Instructions to follow: Below are the records; copy exactly the stretch from the line containing "LA Webhosting Homepage" through the line containing "152 Sunline Drive Property Photo 10", both ends included, and nothing else.

*** Working data Section Begins ***

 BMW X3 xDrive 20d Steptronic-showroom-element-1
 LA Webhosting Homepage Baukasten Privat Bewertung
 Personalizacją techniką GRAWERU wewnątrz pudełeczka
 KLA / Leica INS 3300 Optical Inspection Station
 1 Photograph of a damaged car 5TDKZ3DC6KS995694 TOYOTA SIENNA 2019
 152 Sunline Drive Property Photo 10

*** Working data Section Ends ***
*** Working data Section Begins ***

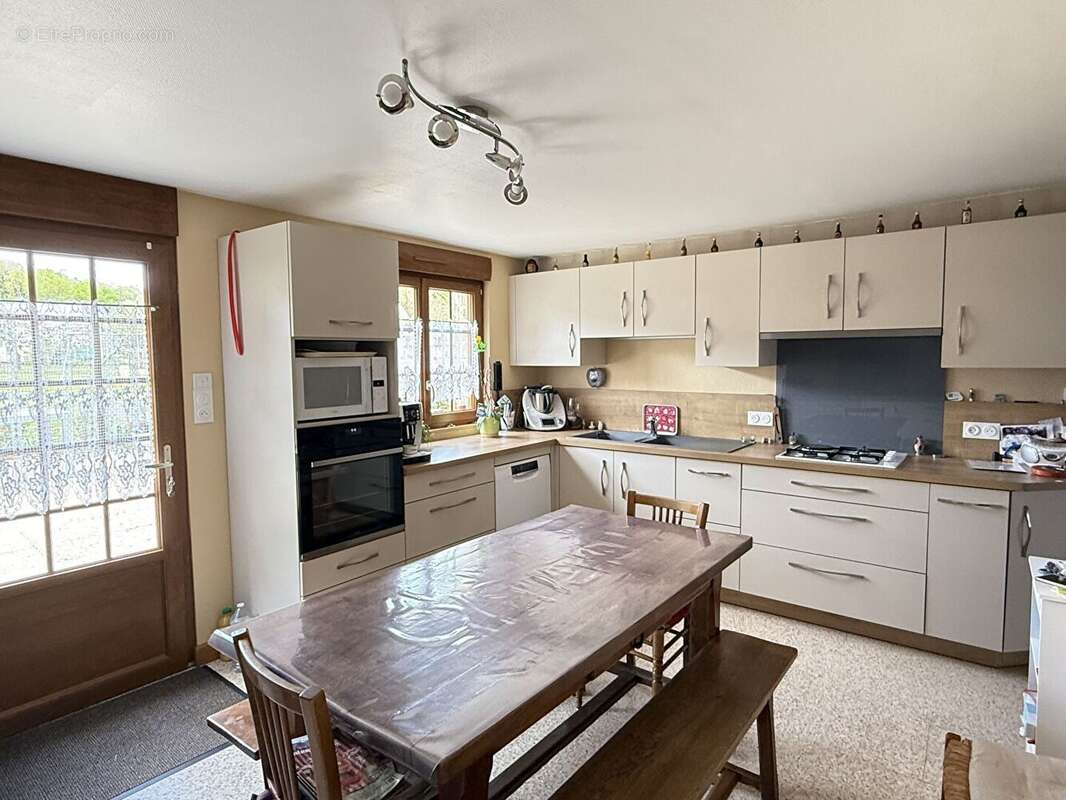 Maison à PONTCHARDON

*** Working data Section Ends ***
*** Working data Section Begins ***

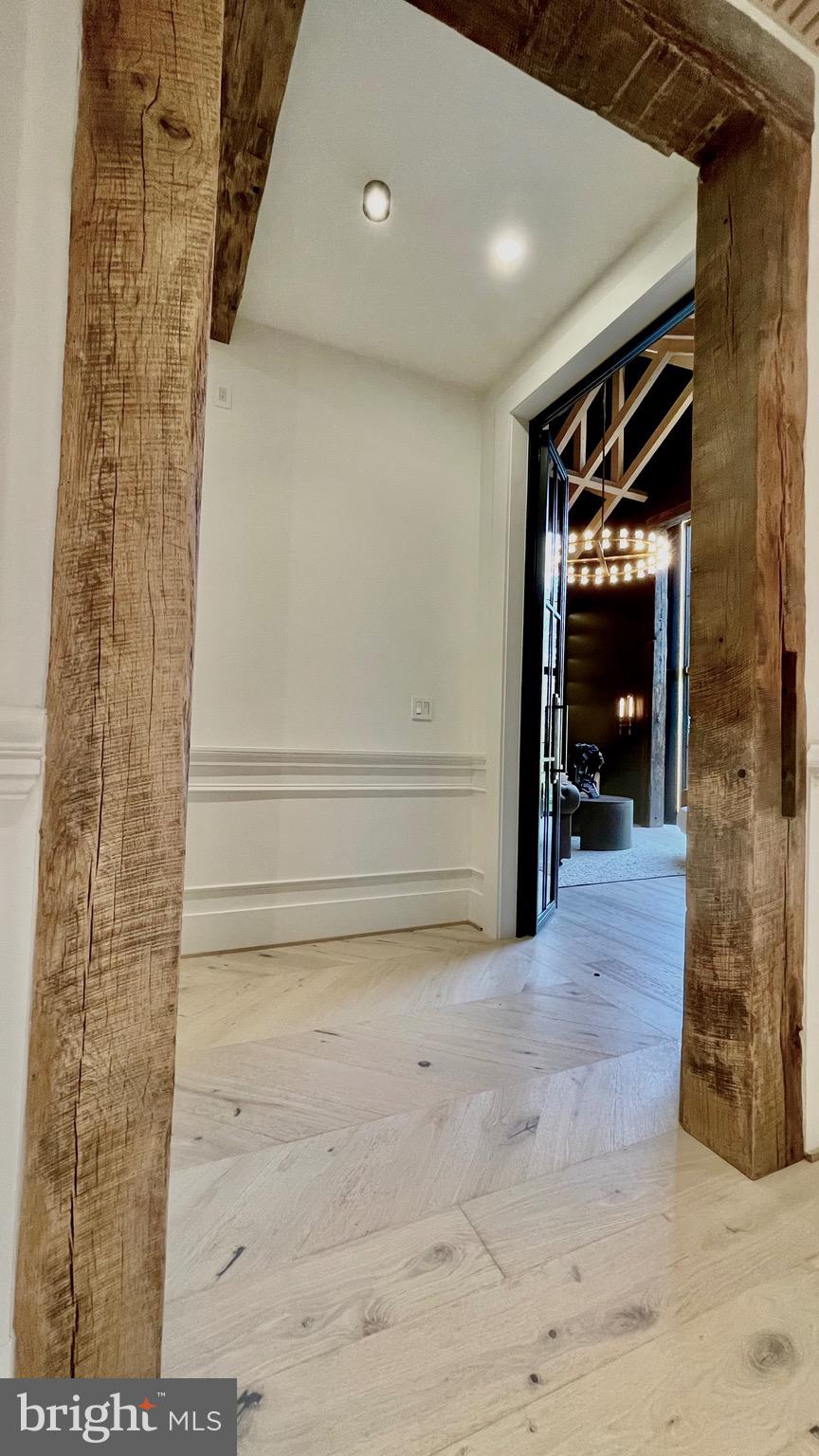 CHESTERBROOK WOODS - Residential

*** Working data Section Ends ***

Your solution:
 LA Webhosting Homepage Baukasten Privat Bewertung
 Personalizacją techniką GRAWERU wewnątrz pudełeczka
 KLA / Leica INS 3300 Optical Inspection Station
 1 Photograph of a damaged car 5TDKZ3DC6KS995694 TOYOTA SIENNA 2019
 152 Sunline Drive Property Photo 10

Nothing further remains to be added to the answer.